Research Reports - Serum biomarkers help predict attention problems in critically ill children with traumatic brain injury
Pediatr Crit Care Med. 2016 Jul;17(7):638-648.
Wilkinson AA(1), Simic N, Frndova H, Taylor MJ, Choong K, Fraser D, Campbell C,
Dhanani S, Kuehn S, Beauchamp MH, Farrell C, Anderson V, Guerguerian AM, Dennis
M, Schachar R, Hutchison JS; Attention and Traumatic Brain Injury (ATBI)
OBJECTIVE: To evaluate the association between acute serum biomarkers, and the
changes in attention at 1 year following traumatic brain injury.
DESIGN AND SETTING: A prospective observational and laboratory study conducted in
PICUs at five Canadian children's hospitals.
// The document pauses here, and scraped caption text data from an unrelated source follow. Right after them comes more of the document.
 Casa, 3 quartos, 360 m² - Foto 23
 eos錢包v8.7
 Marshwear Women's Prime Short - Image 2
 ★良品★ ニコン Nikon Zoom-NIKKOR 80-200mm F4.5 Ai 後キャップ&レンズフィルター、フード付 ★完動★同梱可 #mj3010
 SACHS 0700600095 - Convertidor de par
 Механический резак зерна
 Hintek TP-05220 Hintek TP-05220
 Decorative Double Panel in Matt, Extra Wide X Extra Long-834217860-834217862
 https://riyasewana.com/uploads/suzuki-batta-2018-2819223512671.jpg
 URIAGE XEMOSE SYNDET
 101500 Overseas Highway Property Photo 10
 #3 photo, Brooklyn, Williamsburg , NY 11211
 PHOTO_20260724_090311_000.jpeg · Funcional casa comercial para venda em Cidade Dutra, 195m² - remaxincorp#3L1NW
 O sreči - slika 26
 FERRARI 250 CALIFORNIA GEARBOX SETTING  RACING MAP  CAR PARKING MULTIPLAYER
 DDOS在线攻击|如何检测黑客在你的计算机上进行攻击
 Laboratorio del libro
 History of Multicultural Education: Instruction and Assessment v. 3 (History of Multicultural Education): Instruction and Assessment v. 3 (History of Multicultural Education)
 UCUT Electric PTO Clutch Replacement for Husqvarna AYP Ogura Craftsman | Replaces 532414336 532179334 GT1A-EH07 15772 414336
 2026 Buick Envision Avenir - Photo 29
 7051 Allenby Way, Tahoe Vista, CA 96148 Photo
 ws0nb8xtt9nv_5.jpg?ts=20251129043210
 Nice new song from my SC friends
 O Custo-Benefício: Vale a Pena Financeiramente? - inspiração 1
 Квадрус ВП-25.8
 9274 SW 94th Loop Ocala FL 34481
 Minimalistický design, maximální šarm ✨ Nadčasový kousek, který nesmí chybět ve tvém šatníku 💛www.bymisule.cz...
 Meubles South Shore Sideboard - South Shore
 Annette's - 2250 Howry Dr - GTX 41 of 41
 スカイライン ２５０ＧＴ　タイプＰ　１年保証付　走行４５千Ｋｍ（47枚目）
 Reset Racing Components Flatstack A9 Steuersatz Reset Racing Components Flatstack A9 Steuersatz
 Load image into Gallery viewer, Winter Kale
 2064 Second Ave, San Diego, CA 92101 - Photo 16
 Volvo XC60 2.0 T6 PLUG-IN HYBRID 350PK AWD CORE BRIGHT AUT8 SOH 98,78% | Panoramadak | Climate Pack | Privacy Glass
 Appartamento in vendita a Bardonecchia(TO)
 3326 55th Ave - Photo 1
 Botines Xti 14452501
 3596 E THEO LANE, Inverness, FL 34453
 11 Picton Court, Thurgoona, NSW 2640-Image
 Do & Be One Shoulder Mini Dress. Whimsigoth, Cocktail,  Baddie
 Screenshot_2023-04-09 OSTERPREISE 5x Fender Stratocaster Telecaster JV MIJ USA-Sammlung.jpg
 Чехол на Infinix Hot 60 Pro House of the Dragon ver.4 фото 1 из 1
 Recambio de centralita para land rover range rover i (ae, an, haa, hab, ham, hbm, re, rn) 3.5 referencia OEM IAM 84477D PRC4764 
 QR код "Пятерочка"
STUDY POPULATION AND MEASUREMENTS: Fifty-eight patients aged 5 to 17 years with
traumatic brain injury were enrolled in the study. Nine brain-specific and
inflammatory serum protein biomarkers were measured multiple times over the first
week following injury. Attention was measured at "baseline" to represent
pre-injury function and at 1 year following injury using the Conners Third Parent
RESULTS: Compared with baseline, there were significantly more clinical symptoms
of inattention at 1 year post injury. The Glasgow Coma Scale score, age at
injury, baseline levels of inattention, and highest levels of serum biomarkers
were used to estimate the probability of developing inattention. These
independent variables were first evaluated individually followed by combinations
of the best predictors using area under the receiver operating characteristic
curve analyses. A combination of high baseline levels of inattention and high
serum levels of the biomarker neuron-specific enolase was the best predictor for
inattention. Glasgow Coma Scale and age at injury were not associated with
inattention at 1 year post injury.
CONCLUSIONS: Combining baseline assessment of attention with measurement of serum
biomarkers shows promise as reliable, early predictors of long-term attention
after childhood traumatic brain injury.